== Segment start ==

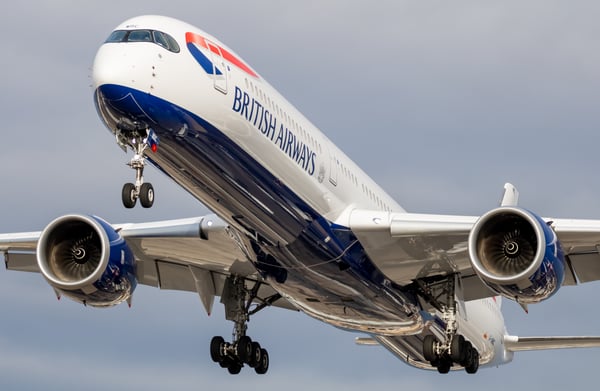 Image of 8"x12" HD Print | British Airways A350-1000 (G-XWBC)
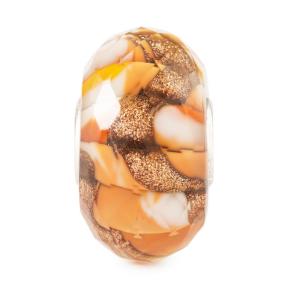 Trollbeads Ambervouw glas kraal TGLBE-30166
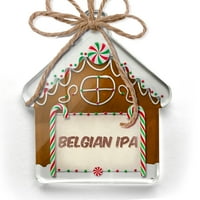 Ornament tiskan jednostrana belgijska ipa piva, vintage stil Božić Neonblond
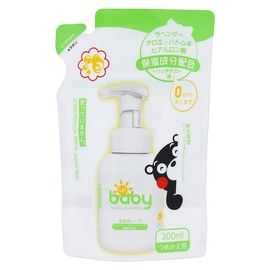 UQ Baby Full Body Foam Soap, Refill, 10.1 fl oz (300 ml), Baby Soap, Body Soap, Skin Care, Additive-Free, Hypoallergenic, Naturally Derived 0 Years, Moisturizing, Babies, Newborns, Kumamon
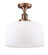 Bell - 1 Light - 12 inch - Antique Copper - Semi-Flush Mount (3442|517-1CH-AC-G71-L)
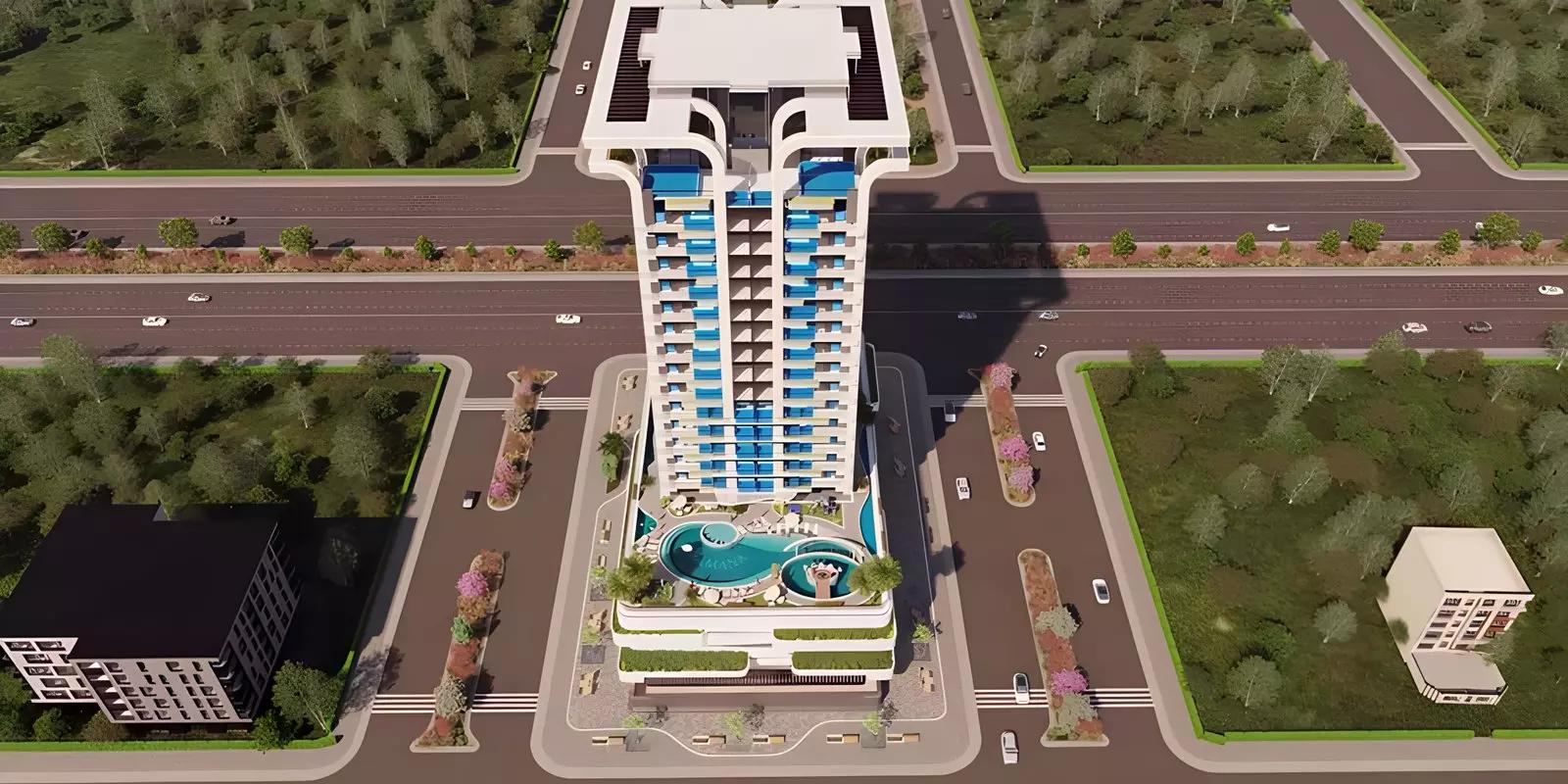 Samana Manhattan Phase 2 building elevation, JVC District 12, Dubai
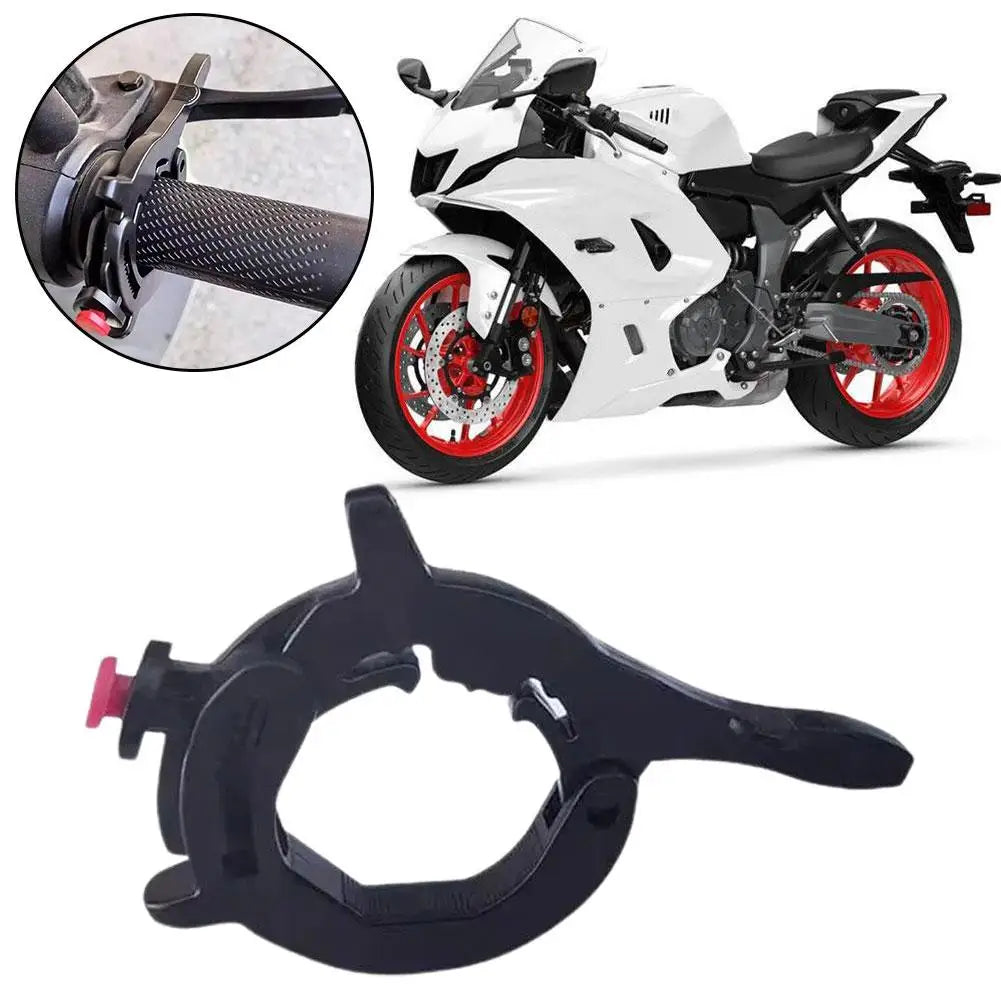 1PCS Motorcycle Cruise Control for High Grade Aluminum Lock Assist Retainer Universal Safe Flexible Wrist Grip Handle Bar Qme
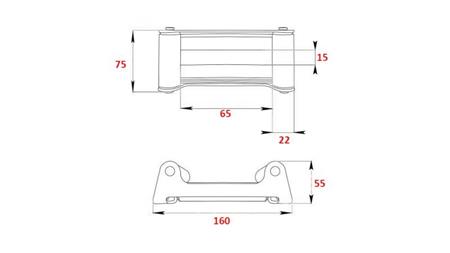 GUIDA A RULLI PER CAVO IN ACCIAIO DWH 2500-4500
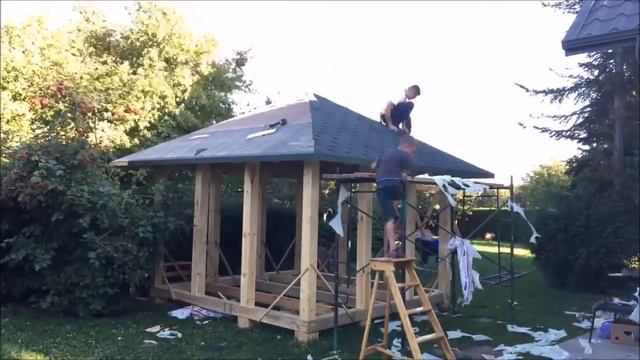 Беседка из бруса 2/2 смотреть онлайн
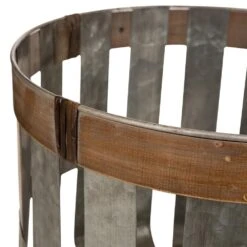 Glitzhome Farmhouse Slotted Galvanized Metal Storage Basket (Set Of 3) 12 Glitzhome Farmhouse Slotted Galvanized Metal Storage Basket (Set Of 3) -Tool Discount Store multi colored glitzhome storage baskets 1504202532 44 1000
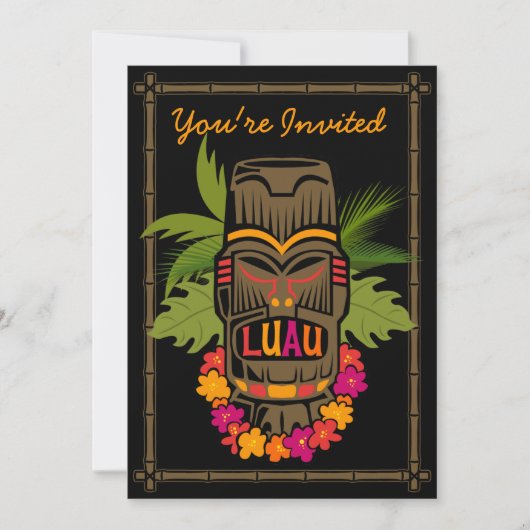 Tiki Luau (D) Persoonlijke uitnodiging (Voorkant)
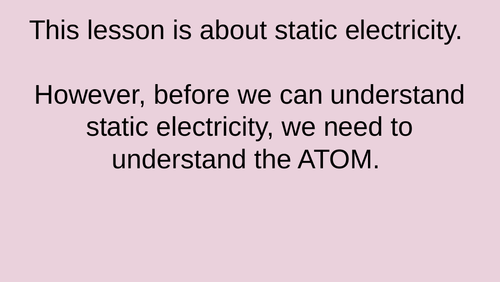 ks3 science homework pack 3 static electricity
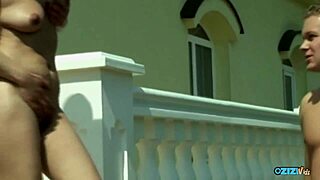 Big Ass Asian Milf Redhead Deepthroats Then Rides Bent Over Doggystyle for Outdoor Facial Cumshot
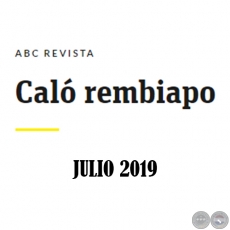 Caló Rembiapo - ABC Revista - Junio 2019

== Segment end ==

» **TASK**
In the listing above, find the line with "GUIDA A RULLI" and the line with "Tiki Luau (D)". Output both, plus every line between them, and no pictures.

» **ANSWER TO THE EXERCISE**
 GUIDA A RULLI PER CAVO IN ACCIAIO DWH 2500-4500
 Беседка из бруса 2/2 смотреть онлайн
 Glitzhome Farmhouse Slotted Galvanized Metal Storage Basket (Set Of 3) 12 Glitzhome Farmhouse Slotted Galvanized Metal Storage Basket (Set Of 3) -Tool Discount Store multi colored glitzhome storage baskets 1504202532 44 1000
 Tiki Luau (D) Persoonlijke uitnodiging (Voorkant)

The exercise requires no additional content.